It was building jet planes when its GDP was a mere $3,700 per capita in 2008, eleven years before 2019. How about BD in 2019, eleven years before 2030? It still cannot build even pump machines for irrigation or farm machines/tools. There is almost no existence of companies that produce mechanical products like nails or needles.
Today, all the foreign loans/credits are added to the GDP figures that show a superficial higher growths on paper. However, a day is coming when these credits must be repaid along with interest. So, will this value not be deducted from the then GDP?
However, a turning point may come by when large amounts of FDIs get into the economy. It will cause the real growth of the economy with things being manufactured inside the country creating new wealth and productive employment of the population.

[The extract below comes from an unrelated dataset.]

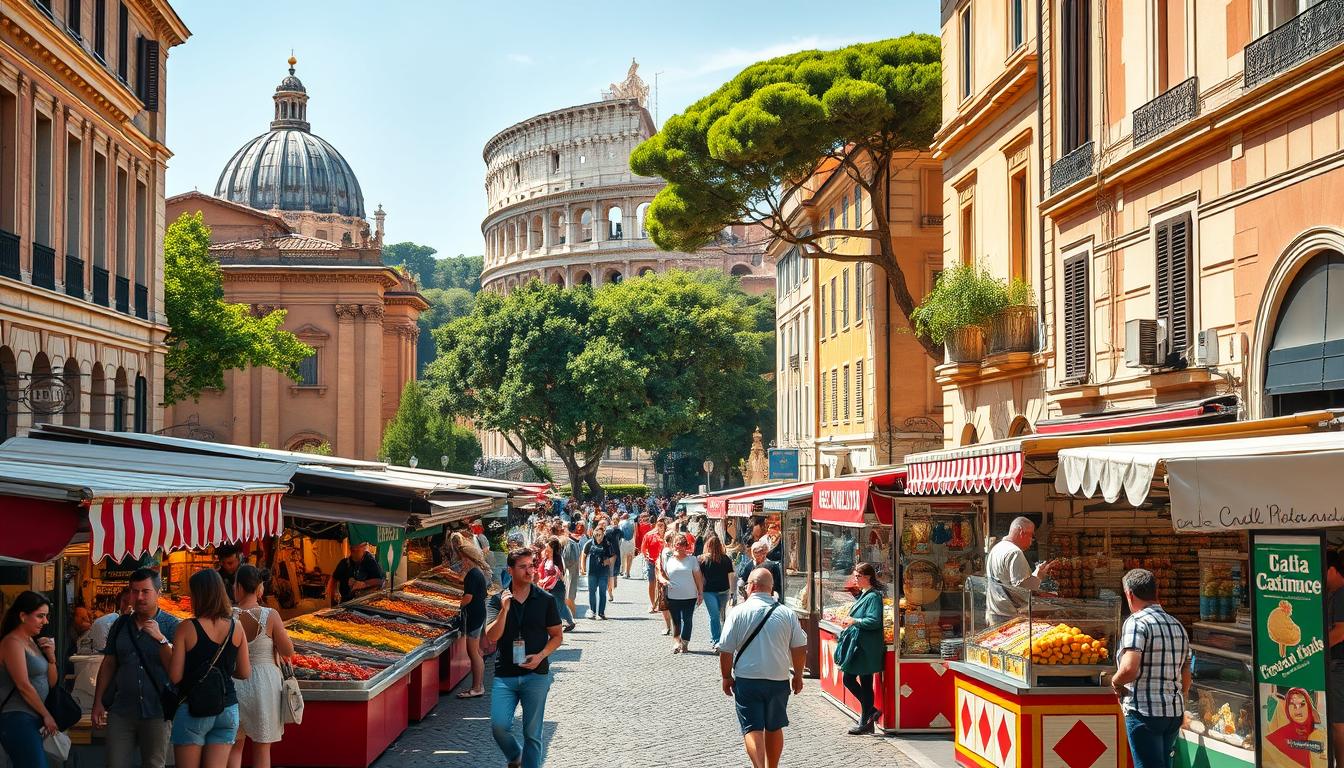 Rome  travel guide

No one can really foresee or forecast the future. But, so far BD has not moved in the right direction. The govt is taking away the money from the savings of Post Offices and Banks as a loan instead of making it available to the local private investors. This creates an upward trend of Bank interest rates. Private companies are then unable or reluctant to borrow. The govt borrowing has a dumping effect on the economy. So, which new sectors will add to the growth of GDP unless there are manufacturing plants?
Anyway, this is what I think about the BD economy. Many men many minds. But, please evaluate what I said above in short.
You are right, there is a high variability in applying exchange rate (with USD) directly to a whole economy (given trade that determines this exchange rate is only some % of it and rest is ultimately very dependent on public and private sector credibility and internal liquidity which are very much more opaque and fuzzy for developing countries).
You have illustrated some of the distortions.
Bangladesh also is having a major issue in reverse-investment. This day and age you have to invest outside your borders at some sufficient level with forex you gain so you can influence growth industries (where they are better grounded and sized outside your country) of note 5 - 10 years etc down the road....to add qualitative change past what you can simply attract in conventional FDI stream direction.